Despite familiarity with the phrase “less is more,” lawyers can’t seem to help themselves – they ask question after question after question.

That this irks jurors is beyond doubt.  As one article written by a jurist who interviewed hundreds of jurors reported,

The most important theme that came through on evidence presentation: do not repeat what you’re saying. The jurors really, really despise repetition, because they feel like you’re talking down to them. They feel like you think they’re stupid if you keep repeating matters over and over.

Here are some examples of what they said:

“Repeating of the question 304 times”

“Repeated the same thing over and over.”

“Stop asking the same questions over and over.”

“Lots of repeating, same thing—okay, we get it.”

“Would like to see attorneys question the witness without repeating the

same question three different ways and then summarizing.”

“The lawyers constantly rephrasing sucks.”

So the jurors get it. You don’t have to ask the same questions and you shouldn’t ask the same things over and over. Again, they feel like you’re talking down to them. That you think they’re stupid if you keep asking the same thing over and over. And back to the other common theme, you’re wasting their time. They don’t like their time wasted.

So you should ask clear and relevant questions. They don’t like lengthy, compound, or convoluted questions; they like short, clear, and easy to understand questions.

The Honorable Amy J. St. Eve, WHAT JURIES REALLY THINK: PRACTICAL GUIDANCE FOR FUTURE TRIAL LAWYERS, 89 Fordham La.Rev. 2623, 2630 (2021).

Yet lawyers can’t resist.  In one post-conviction case, trial counsel was asked why he questioned the detective who interrogated counsel’s client, a cross-examination that elicited only extremely damaging information including the belief that the client was lying.  Counsel’s response (verbatim from the transcript)?  “That’s what they said to me when he was finished testifying, do you have any cross-examination?  And I thought I better do some.”  N.T. 12/27/2004, 56-57.

So it was with some relief that I read the news coverage of the Ghislaine Maxwell trial.  When the defense team called a co-worker to say that Maxwell and financier/predator Jeffrey Epstein had growon apart and spent little time together at work, the prosecution cross was a pristine one, the bext example possible of “less is more.”  As reported by NPR, “the prosecution simply asked, did you ever work at Jeffrey Epstein’s home in New York or Palm Beach? Espinosa responded, no.

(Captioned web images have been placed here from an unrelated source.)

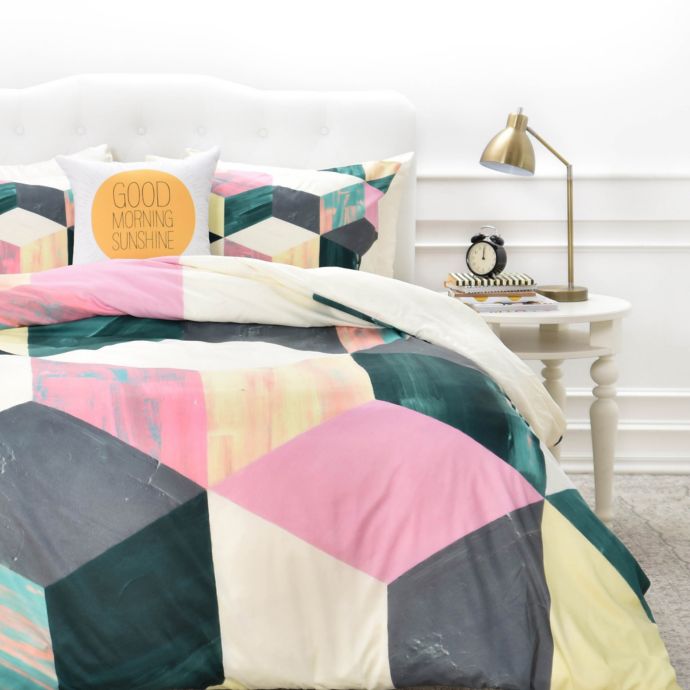 Deny Designs Dash And Ash Sunday Vibes Duvet Cover Bed Bath Beyond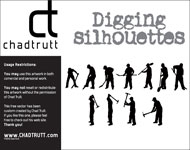 Digging Silhouettes Vector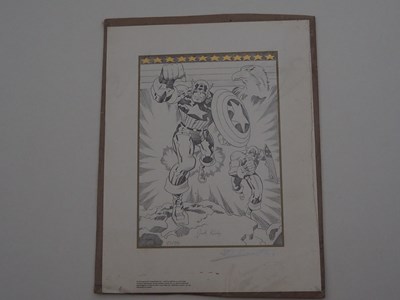 Lot 246 - CAPTAIN AMERICA FIFTIETH BIRTHDAY...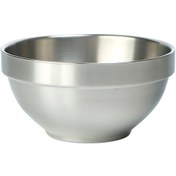 Resim Reedark 450ml Gıda Grubu Titanyum Çift Katlı Isı Yalıtımlı Kase - Büyük Boy Ev Kullanımlı Çorba/salata Kasei Gümüş 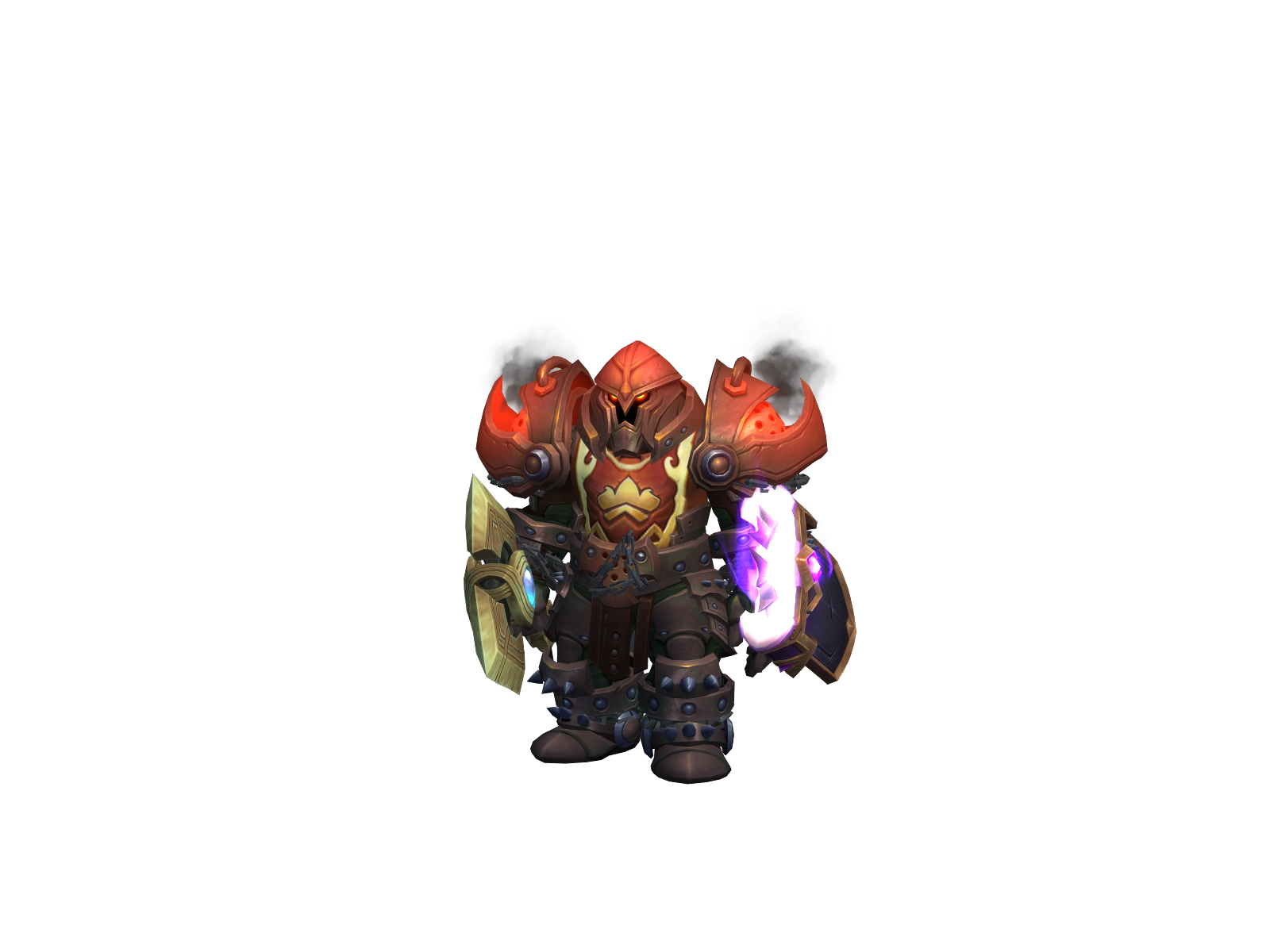 Bruork 3D character render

And the prosecution said, no further questions, which elicited some laughs in the courtroom.” (last visited 12/21/21).

It is no laughing matter – but the one question cross is indeed a lesson for all of us.  What could be more effective – one question confirmed the witness’ complete lack of familiarity with what went on outside of the workplace.  Make your point and sit down – the jury gets it.